La tecnica del “two-hand tapping” è diventata una sua cifra stilistica. Come si riflette nella costruzione di pezzi come “Cathedrals”?
“È una libertà straordinaria. È come suonare il pianoforte, dove con la mano destra sviluppo la melodia, con la sinistra l’accompagnamento. Nella chitarra è più complesso, ma il tapping permette di creare un dialogo simultaneo tra le voci. Nel brano questa tecnica genera un’architettura sonora che richiama le grandi cattedrali”.

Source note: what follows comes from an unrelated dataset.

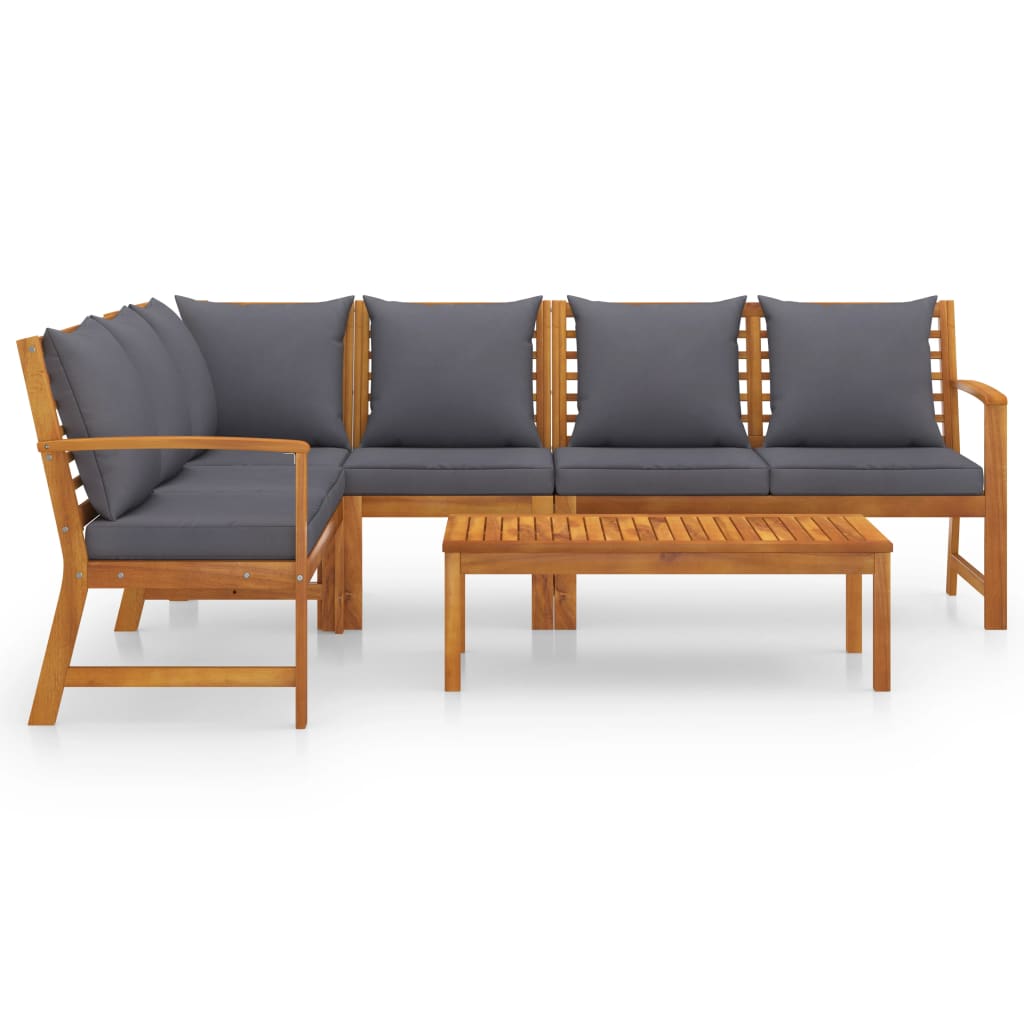 Salon de jardin 5 pcs avec coussin Bois d'acacia solide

Note sacre e intimità sonora
Nella composizione si percepisce una ricerca di ispirazione spirituale attraverso la musica. Quanto del suo percorso personale vi è riflesso?
“La musica è lo specchio della nostra esistenza. Tutto ciò che viviamo, pensiamo, sentiamo trova espressione nelle note. Siamo costantemente attraversati da influenze invisibili e la musica diventa il linguaggio con cui restituiamo al mondo quel passaggio interiore. Anche quando non ce ne accorgiamo, viviamo immersi in un paesaggio sonoro: basta entrare in un caffè, e una melodia ci sfiora l’orecchio, e se bella, si insinua dentro di noi, lasciando una traccia. La musica non ha corpo, è impalpabile come l’aria, eppure necessaria. Ma oggi, con dispiacere, noto che la qualità musicale è spesso sacrificata. Un tempo la musica era un atto collettivo, un’intesa spontanea tra esseri umani che si ascoltavano e si univano nel suono. Oggi, troppo spesso, è soltanto un prodotto confezionato e il talento individuale sembra essere relegato all’ultimo posto”.

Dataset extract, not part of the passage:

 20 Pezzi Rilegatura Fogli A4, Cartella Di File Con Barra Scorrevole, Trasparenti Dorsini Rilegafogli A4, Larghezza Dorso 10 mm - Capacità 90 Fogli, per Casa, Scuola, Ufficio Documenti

Il brano evoca atmosfere acustiche che ricordano l’ambiente di una chiesa…
“Esattamente. L’effetto di riverbero prolungato, quel suono che si espande nello spazio, richiama l’atmosfera di una chiesa. Quando si abbassa il suono e il tono persiste nel tempo, si sente quell’aura spirituale. È anche per questo che ho scelto il titolo ‘Cathedrals’. Ricordo con emozione un concerto tenuto una quindicina di anni fa in una magnifica chiesa nei pressi di Gorizia, in Italia. Il suono era talmente puro e naturale che non serviva alcuna amplificazione o effetto artificiale. Non ho mai più provato una sensazione acustica tanto perfetta”.

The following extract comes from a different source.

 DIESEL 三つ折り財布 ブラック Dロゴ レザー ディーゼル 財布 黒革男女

Esiste un luogo ideale per l’esecuzione della sua musica?
“Per me il luogo perfetto è quello in cui il suono è impeccabile. Oggi si tende a suonare a volumi eccessivi, in ambienti costruiti secoli fa, che non erano pensati per questa intensità sonora. È un paradosso. Occorre avere la consapevolezza di conoscere il limite oltre il quale il suono si distorce, diventa fastidio. Noi suoniamo per la gente, ma anche per noi stessi. Se non proviamo piacere nel farlo, difficilmente lo trasmetteremo. Quanto al pubblico, sono molto rigoroso, nel senso che preferisco suonare per tre persone in ascolto, attente e partecipi piuttosto che per 500 distratte. L’energia dell’ascoltatore nutre quella dell’esecutore”.